Marcion's Canon included only 10 letters of Paul plus the Gospel of Luke. If you want to cite Tertullian then be careful! - he also was a firm advocate of Apostolic Succession, so choose your friends carefully! Tertullian, in
Adversus Marcion says that Marcion 'mutilated' Luke's Gospel and also rejected the other three, together with Paul's Pastoral Epistles; however, Tertullian does not mention 2 Peter,
James, II Jn or III Jn and elsewhere cites the
Shepherd of Hermas with approval. All fo this is rather a stretch to claiming that the whole 27-book NT was in place by c 140 AD!
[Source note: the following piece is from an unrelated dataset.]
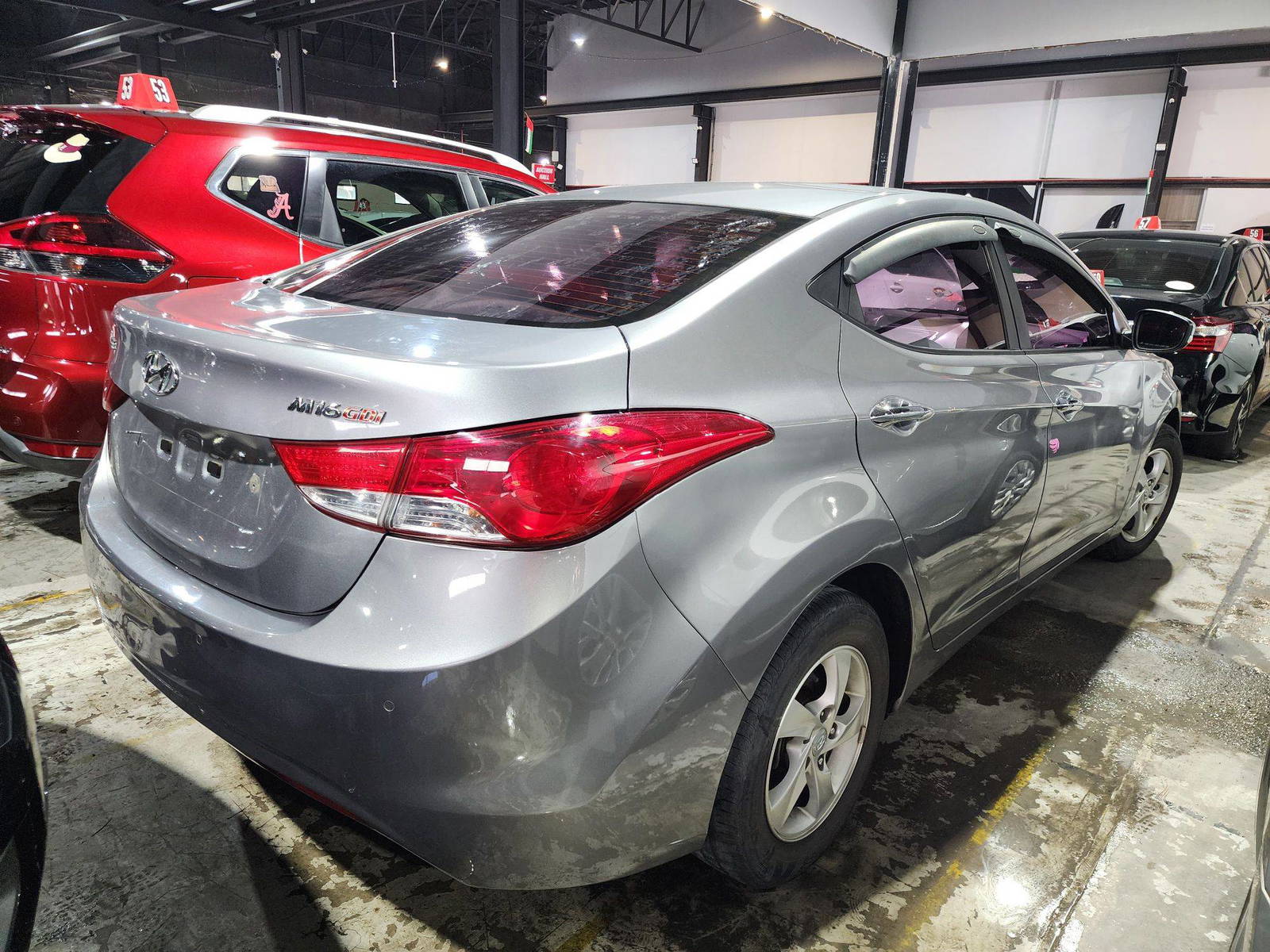 2012 HYUNDAI AVANTE — 105769 KM — Lot 562106 — Al Quoz - Marhaba Auctions Used Cars - Image 6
You simply do not have sufficient data to deny what these two facts confirm to be the case long before Rome canonized scriptures. Your argument is akin to denying that Alexandria had a complete gospel as early as the 2nd century because we only find papyi fragments instead of a whole gospel. Such reasoning shelfs all common sense just because we cannot find a copy of "the entire volume" that Tertullian vehemently states existed and cannot be added unto or subtracted from whether by the addition or subtraction practiced by Marcion or by faulty intepretations practiced by Valentinus.
And you haven't proved it either!
Why is it then you nor anyone else on this forum was able to overthrow what I said. Go back and look at your response! You could not overthrow the evidence all you could do is pronounce anathema's on the evidence presented. I took you to task for the overall context of Isaiah 8, the immediate context of Isaiah 8:14-20 and its direct use by Christ and the Apostles in the New Testament and the immediate context. You did not and could not refute contextual based evidence placed in your faces. I would be more than happy to repeat it!
Neither could you or any other pro-Catholic soterioligical advocates on this forum repudiate my interpetations of 2 Tim. 3:16-17 or 2 Peter. 1:17-21. I would be more than happy to repeat the specifics you could not deal with.
I think that was me you were quoting not TS. The point is that that doesn't help us with determining why
James and
Revelation are in the Canon but
Didache and
Barnabas (for example) are not. All of them claim to be authored by an Apostle or Apostles, but only the first two are in (and weren't as far as your friend Tertullian was concerned!).